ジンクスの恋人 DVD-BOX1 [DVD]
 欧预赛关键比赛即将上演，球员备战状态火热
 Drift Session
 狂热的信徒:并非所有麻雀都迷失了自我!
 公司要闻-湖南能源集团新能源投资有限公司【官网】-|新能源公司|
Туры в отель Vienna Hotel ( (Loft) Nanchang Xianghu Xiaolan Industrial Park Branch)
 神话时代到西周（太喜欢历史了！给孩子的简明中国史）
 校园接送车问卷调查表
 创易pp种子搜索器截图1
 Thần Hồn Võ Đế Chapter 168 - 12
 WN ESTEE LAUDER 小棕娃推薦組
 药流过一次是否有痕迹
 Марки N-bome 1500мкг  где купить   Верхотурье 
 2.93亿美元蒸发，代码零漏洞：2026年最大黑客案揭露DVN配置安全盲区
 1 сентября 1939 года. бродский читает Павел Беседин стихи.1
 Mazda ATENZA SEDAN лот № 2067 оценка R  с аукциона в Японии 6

----------------------------------------

### Exercise aim
Transcribe exactly, starting at the line with "Марки N-bome 1500мкг" and continuing through the last line of the data above; leave out all earlier lines.

### Answer below
 Марки N-bome 1500мкг  где купить   Верхотурье 
 2.93亿美元蒸发，代码零漏洞：2026年最大黑客案揭露DVN配置安全盲区
 1 сентября 1939 года. бродский читает Павел Беседин стихи.1
 Mazda ATENZA SEDAN лот № 2067 оценка R  с аукциона в Японии 6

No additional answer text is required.